3.Answer: One might have thought that the primary ingredient is the oil (and this can be eaten raw) - Rav Yosef teaches, the primary ingredient is the flour (which is not eaten raw).
(g)(Rav Berona): If a Nochri made a fire in a swamp, the grasshoppers (that became roasted) are forbidden.
(h)Question: What is the case?
1.If one cannot tell whether or not they are Tahor species, even if a Yisrael made the fire, they are forbidden!
(i)Answer #1: Rather, one can see that they are Tahor. They are forbidden due to Bishul Akum.
(j)Objection: Bishul Akum does not apply in such a case!
1.(Rav Chanan bar Ami): If a Nochri singed a head of an animal, a Yisrael may eat it, even from the tip of the ear (which gets cooked very easily).
2.Since the Nochri did not intend to cook, only to remove the hair, it is permitted. Also here, he intended to clear the swamp, and not to cook grasshoppers!
(k)Answer #2: Really, one cannot tell whether they are Tahor. A case occurred with a Nochri, so the Halachah was said regarding a Nochri.

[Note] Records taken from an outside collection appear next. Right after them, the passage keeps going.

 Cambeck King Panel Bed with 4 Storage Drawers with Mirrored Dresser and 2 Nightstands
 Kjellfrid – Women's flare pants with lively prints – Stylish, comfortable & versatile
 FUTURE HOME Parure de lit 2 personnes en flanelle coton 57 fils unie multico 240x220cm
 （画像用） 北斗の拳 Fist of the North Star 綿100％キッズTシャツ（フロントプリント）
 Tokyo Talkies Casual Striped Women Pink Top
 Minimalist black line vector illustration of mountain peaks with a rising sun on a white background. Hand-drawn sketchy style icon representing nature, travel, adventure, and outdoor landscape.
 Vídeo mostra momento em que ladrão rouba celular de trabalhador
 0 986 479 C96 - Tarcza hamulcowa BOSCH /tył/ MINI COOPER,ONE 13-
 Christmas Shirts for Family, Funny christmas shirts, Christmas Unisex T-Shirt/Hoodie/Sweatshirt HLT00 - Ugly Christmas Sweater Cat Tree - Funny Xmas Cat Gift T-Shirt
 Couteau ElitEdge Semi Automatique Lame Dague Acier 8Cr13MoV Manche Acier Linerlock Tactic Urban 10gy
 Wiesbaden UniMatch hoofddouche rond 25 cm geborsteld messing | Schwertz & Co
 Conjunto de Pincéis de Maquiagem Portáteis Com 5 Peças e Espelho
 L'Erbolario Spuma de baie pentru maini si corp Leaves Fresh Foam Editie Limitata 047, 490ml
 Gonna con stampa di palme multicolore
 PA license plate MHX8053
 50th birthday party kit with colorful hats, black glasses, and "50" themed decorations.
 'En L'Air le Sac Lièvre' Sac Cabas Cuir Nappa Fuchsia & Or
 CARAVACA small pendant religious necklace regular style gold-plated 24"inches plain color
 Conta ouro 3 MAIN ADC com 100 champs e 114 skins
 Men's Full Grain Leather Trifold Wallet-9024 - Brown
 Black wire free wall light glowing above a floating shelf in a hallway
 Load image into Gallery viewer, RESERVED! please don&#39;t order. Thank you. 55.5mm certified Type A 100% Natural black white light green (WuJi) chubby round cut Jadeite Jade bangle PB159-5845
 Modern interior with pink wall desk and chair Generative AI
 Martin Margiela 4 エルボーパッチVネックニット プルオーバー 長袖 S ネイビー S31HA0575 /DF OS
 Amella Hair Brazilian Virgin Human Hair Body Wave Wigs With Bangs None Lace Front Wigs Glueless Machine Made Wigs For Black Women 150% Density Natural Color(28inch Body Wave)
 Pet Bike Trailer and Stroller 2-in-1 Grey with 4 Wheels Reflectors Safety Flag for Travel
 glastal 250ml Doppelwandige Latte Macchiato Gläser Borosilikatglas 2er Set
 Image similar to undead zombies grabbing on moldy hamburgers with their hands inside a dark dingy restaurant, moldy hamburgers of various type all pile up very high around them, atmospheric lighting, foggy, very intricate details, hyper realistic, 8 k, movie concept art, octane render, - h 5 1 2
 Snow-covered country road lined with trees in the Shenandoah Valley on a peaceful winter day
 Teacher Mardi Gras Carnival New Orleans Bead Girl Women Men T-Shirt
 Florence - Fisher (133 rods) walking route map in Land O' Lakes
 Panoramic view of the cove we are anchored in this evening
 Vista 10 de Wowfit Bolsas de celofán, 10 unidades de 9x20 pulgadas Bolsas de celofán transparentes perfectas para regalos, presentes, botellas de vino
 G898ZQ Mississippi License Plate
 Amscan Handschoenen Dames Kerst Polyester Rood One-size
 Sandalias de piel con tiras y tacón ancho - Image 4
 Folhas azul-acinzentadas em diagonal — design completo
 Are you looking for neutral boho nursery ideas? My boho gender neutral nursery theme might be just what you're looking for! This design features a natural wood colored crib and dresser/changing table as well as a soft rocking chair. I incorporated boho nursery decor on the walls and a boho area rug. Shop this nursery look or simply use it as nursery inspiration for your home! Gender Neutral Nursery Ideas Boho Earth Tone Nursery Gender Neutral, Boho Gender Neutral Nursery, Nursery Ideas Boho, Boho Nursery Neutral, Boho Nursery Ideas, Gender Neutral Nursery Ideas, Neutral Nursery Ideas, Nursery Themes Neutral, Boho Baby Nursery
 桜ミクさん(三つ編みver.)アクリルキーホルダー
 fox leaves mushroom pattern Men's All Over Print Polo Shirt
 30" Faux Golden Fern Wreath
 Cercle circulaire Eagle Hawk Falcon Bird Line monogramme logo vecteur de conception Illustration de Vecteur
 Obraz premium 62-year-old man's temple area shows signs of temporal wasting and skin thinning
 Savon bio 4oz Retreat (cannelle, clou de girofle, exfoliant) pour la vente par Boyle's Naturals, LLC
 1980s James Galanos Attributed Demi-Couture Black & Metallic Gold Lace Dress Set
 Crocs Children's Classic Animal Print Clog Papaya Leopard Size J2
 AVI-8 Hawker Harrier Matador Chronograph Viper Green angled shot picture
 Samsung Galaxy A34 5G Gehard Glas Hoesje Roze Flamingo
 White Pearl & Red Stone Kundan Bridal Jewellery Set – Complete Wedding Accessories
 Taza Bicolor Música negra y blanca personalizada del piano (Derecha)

(l)(Rav Chanan bar Ami): If a Nochri singed a head, a Yisrael may eat it, even from the tip of the ear.
(m)(Ravina): Therefore, if a Yisrael put raw gourds in an oven, and a Nochri ignited it in order to dry pegs (and the gourds became cooked), they are permitted.
(n)Objection: This is obvious!
(o)Answer: One might have thought that the Nochri intended to cook (soften) the peg. Ravina teaches that this is not so. Rather, he intended to harden it, and this is not considered cooking.
2)FOOD PARTIALLY COOKED BY NOCHRIM
(a)(Rav Yehudah): If a Yisrael left meat on coals, and a Nochri turned the meat over, it is permitted.
(b)Question: What is the case?
1.If the meat would have cooked even had the Nochri not turned the meat over, obviously it is permitted!
(c)Answer #1: It would not have cooked had the Nochri not turned it over.
(d)Rejection: If so, the Nochri caused it to be cooked, it should be forbidden!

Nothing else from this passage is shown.